Rather sad to think so many foreigners left. I chose to stay ( even though I am not married to a Japanese ) because i have lived here for 20 years and my life and friends are mostly all here now.
For those who have family in their respective countries it was understandable that they might want to return.Sometimes it’s a difficult choice either way.
I DO think your photos represent well YOUR interpretation of the situation as you have said in your comments… and they are nicely done.
Nice monochrome images…though these pictures don’t really tell or illustrate the period after the earthquake in any specific way.Could have been taken at any time. Typical scenes I think.
Japanese regularly wear masks for example to ward off colds or prevent giving them to others or because many suffer from Kafunsho ( Hay fever ) especially at this time of year, cherry blossoms are sometimes late or early as the case may be, and while it is true that less people were shopping, there were still lots of people out buying luxury items in the big department stores just days after the earthquake. I was there in Ginza right in the center of Tokyo.
most foreigners living here have adopted something of the sense of Japanese ” jishuku ” and opted to STAY in Japan. I00,000 expats left? really? Where did you get this figure? Sorry, as someone who lives here i doubt that number is accurate. Even inside the affected area where the Tsunami struck and the nuclear radiation leaks were most dangerous a great many foreigners chose to stay. Some did leave but in no way was it a huge exodus.
The mood changed for sure but in fact it was quite remarkable how life continued fairly normally for those living in the Tokyo area except for the panic buying of foodstuffs. This would have been a more interesting and telling focus of your photo essay.
Just my thoughts.
The pictures themselves are nice enough.
It seems like my figures were conservative.
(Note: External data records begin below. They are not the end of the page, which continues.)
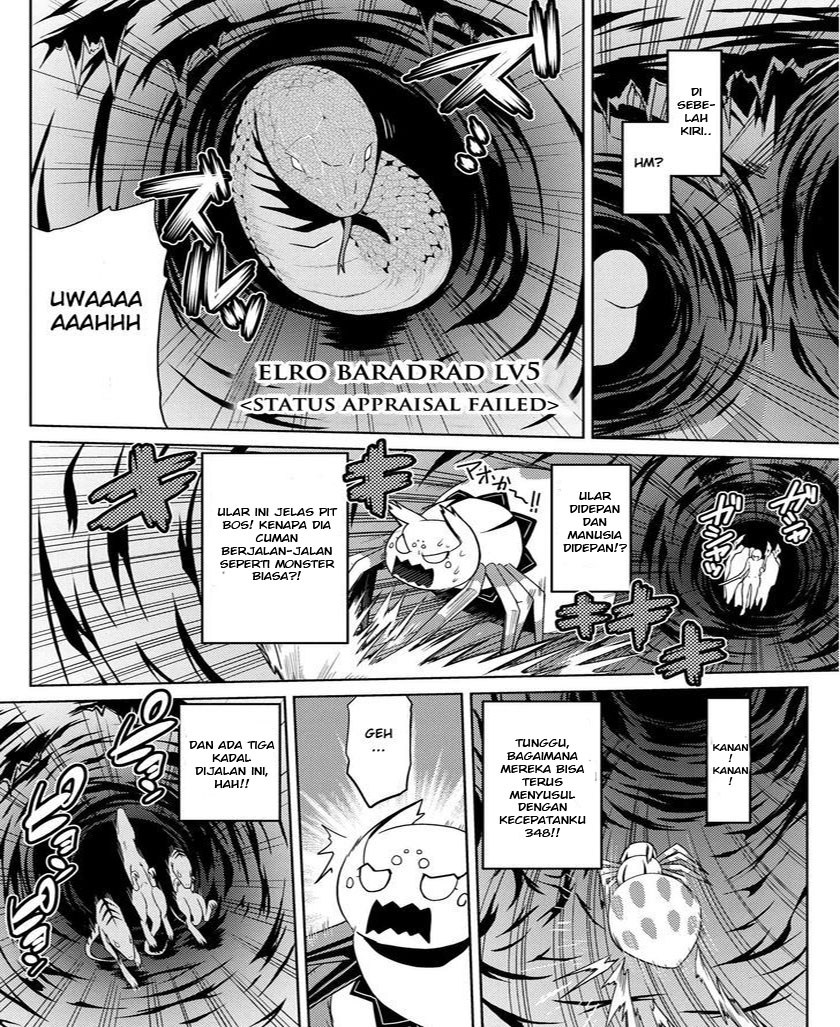 Kumo desu ga, Nani Ka?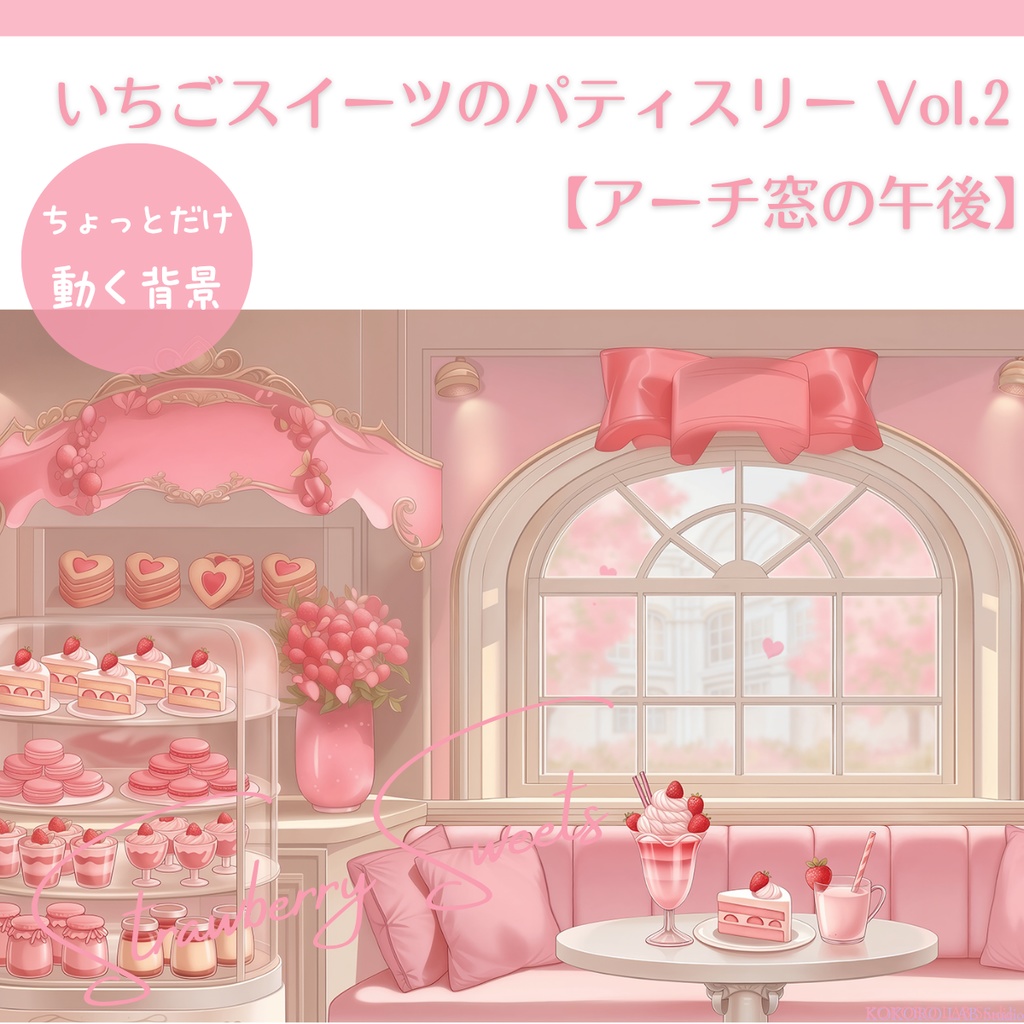 【動く背景】いちごスイーツのパティスリーVol.2 【アーチ窓の午後】/ Strawberry Sweets Background Set for VTuber & Streamers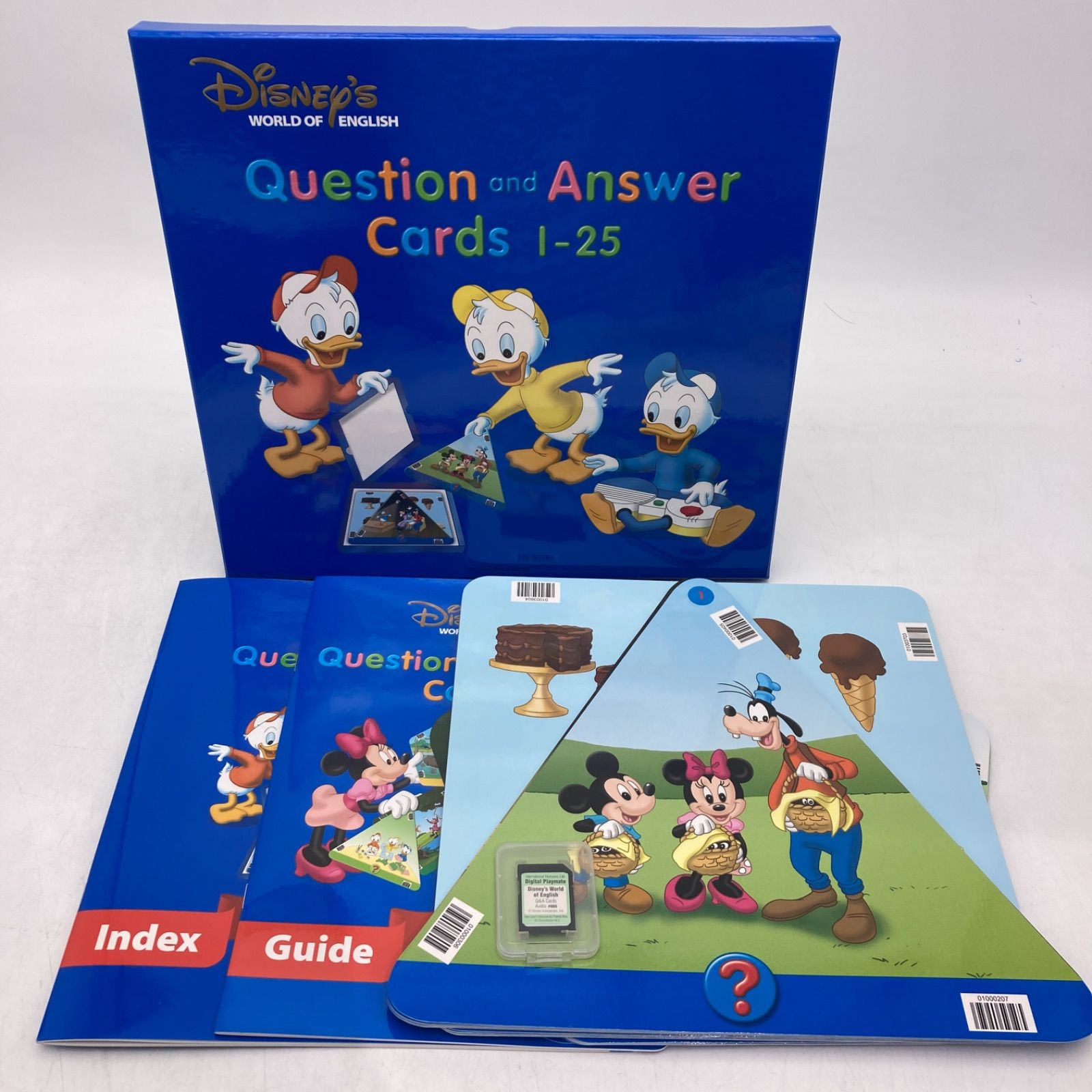 ミッキーパッケージ+Q(MTDSQ) ディズニー英語システム 未開封多数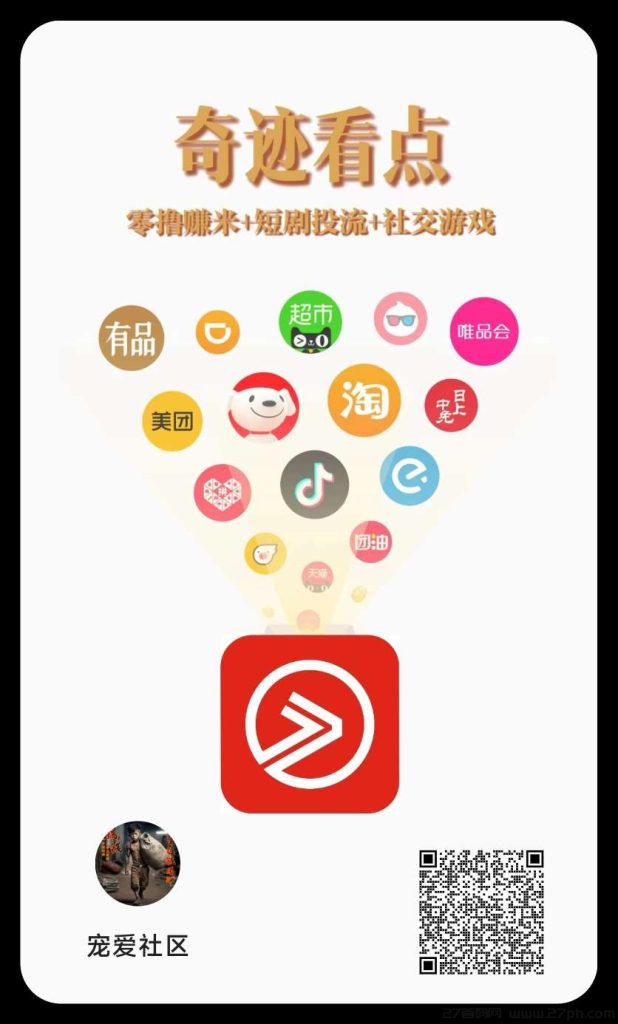 奇迹看点 零撸每天变现6+ 送VIP
多项收益-27首码项目网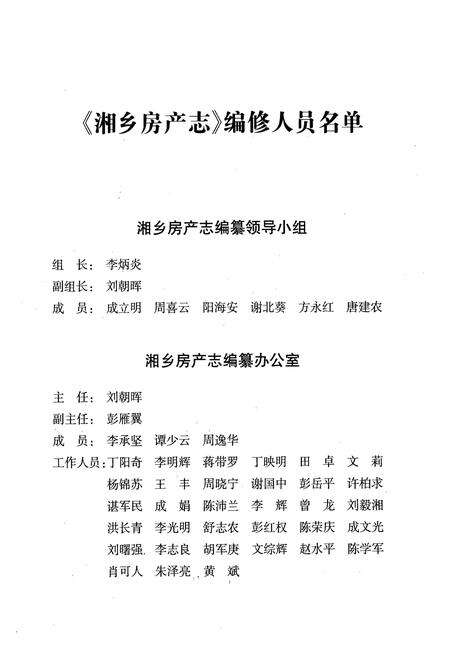 《湘乡房产志(1949-2005)》.pdf电子版_湖南省志预览图2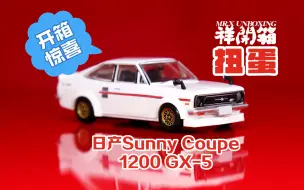 Descargar video: 一开一个不吱声 盲盒扭蛋开箱 小比例车模 复古经典车 日产sunny datsun 1200 GX-5 coupe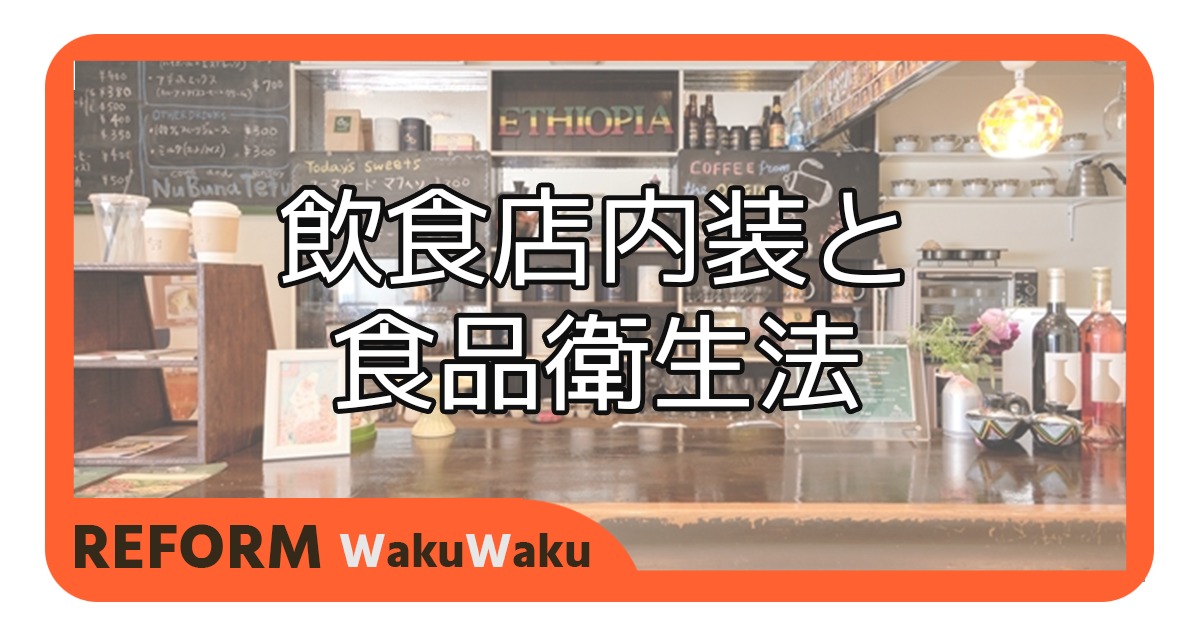 飲食店内装工事は食品衛生法に準拠した施工が必要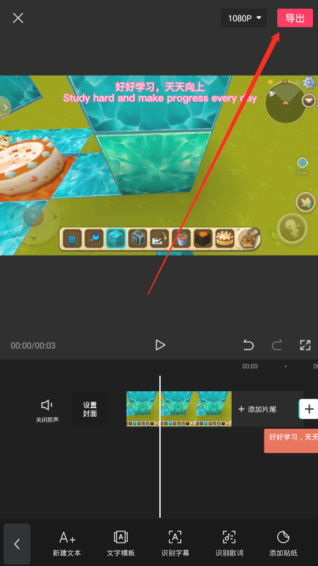剪映海外版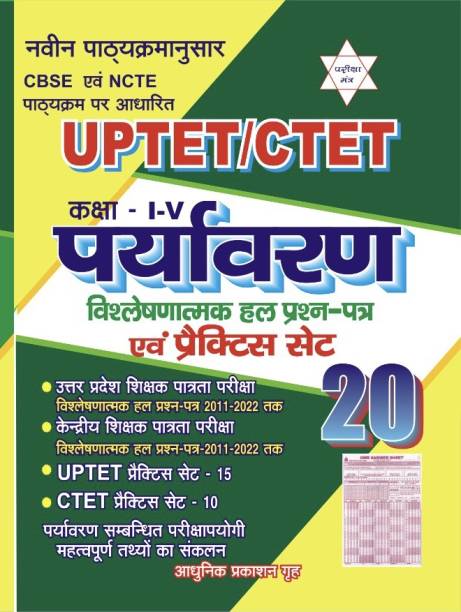 UPTET / CTET Paryavaran (Class -1 To 5) Solved Paper With Practice Set
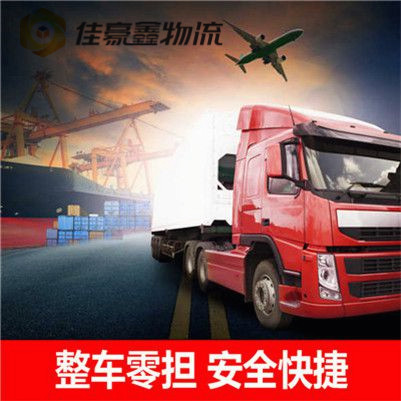 肇慶到來賓貨運公司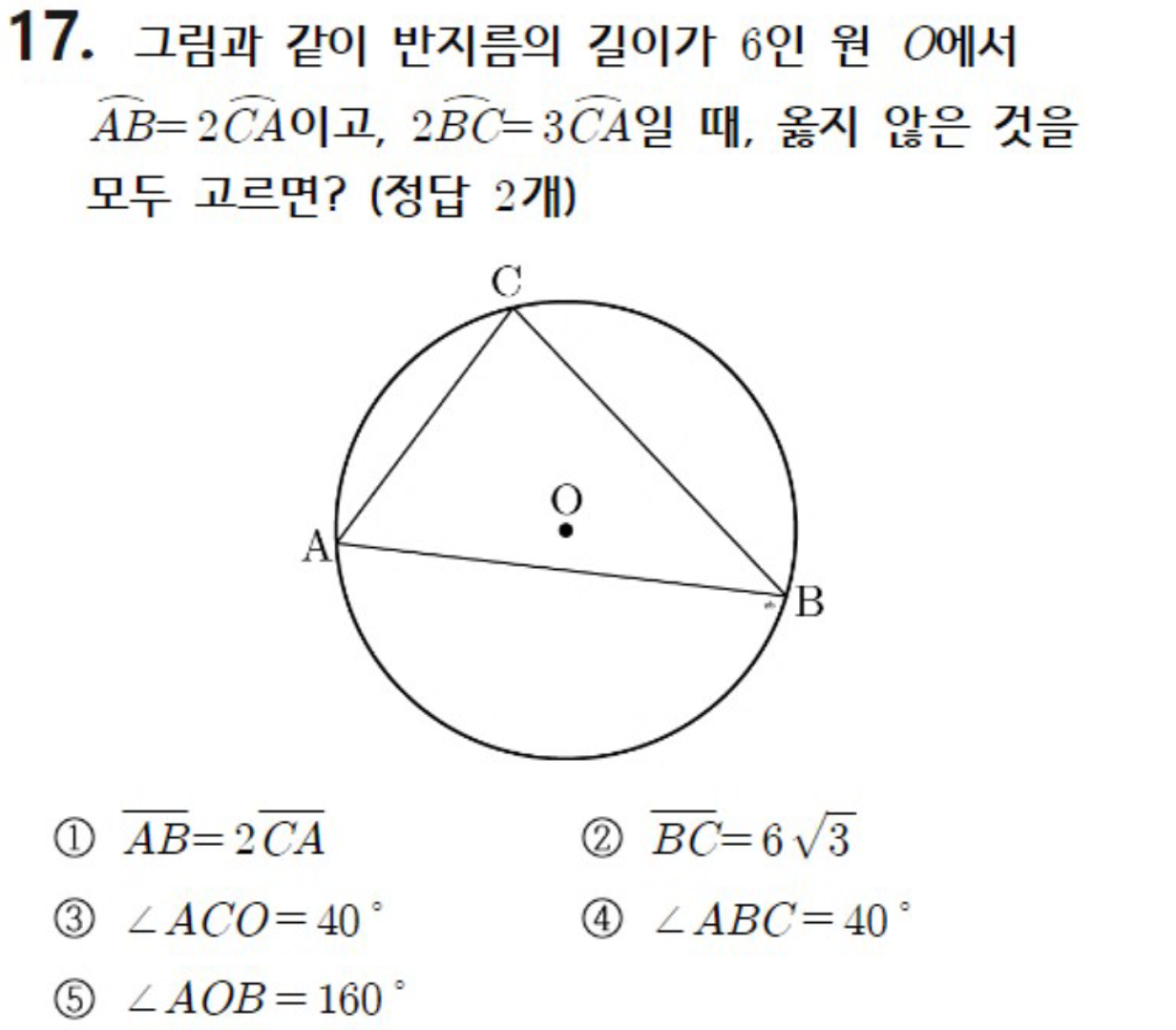 내신기출 문제17번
Here are the figures extracted from the Ministry of Justice (via Kyodo News):
TOKYO, April 15 (AP) – (Kyodo)—A total of 531,000 foreigners left Japan in the four weeks from March 12 to April 8, including 244,000 in the first week after the March 11 earthquake and tsunami, the Justice Ministry said Friday.
The number of foreigners who left Japan in the first week after the disaster increased sharply from the 140,000 who left in the week before the calamity, reflecting the recommendations of their home country governments, the ministry said.
Of the foreigners who left Japan during the four weeks, 302,000, or almost 57 percent, obtained reentry permits.
The total included 185,000 Chinese, 107,000 South Koreans and 39,000 Americans.
I am not making this up.
It might even be worth writing a proper book about this extraordinary exodus.
Of course some of us stayed (mostly married to Japanese women I would think), but huge numbers left.
As to my pictures not being specific to that special time, I respectfully beg to differ. The lights in my office are still off during the day making it hard to read anything on cloudy days and I simply could not have shot that scene otherwise. Ditto with the eerily empty restaurants and bars in the Ginza/Yurakucho area. Empty food shelves? Sure I shot some of those during panic buying, Didn’t find them too exciting though.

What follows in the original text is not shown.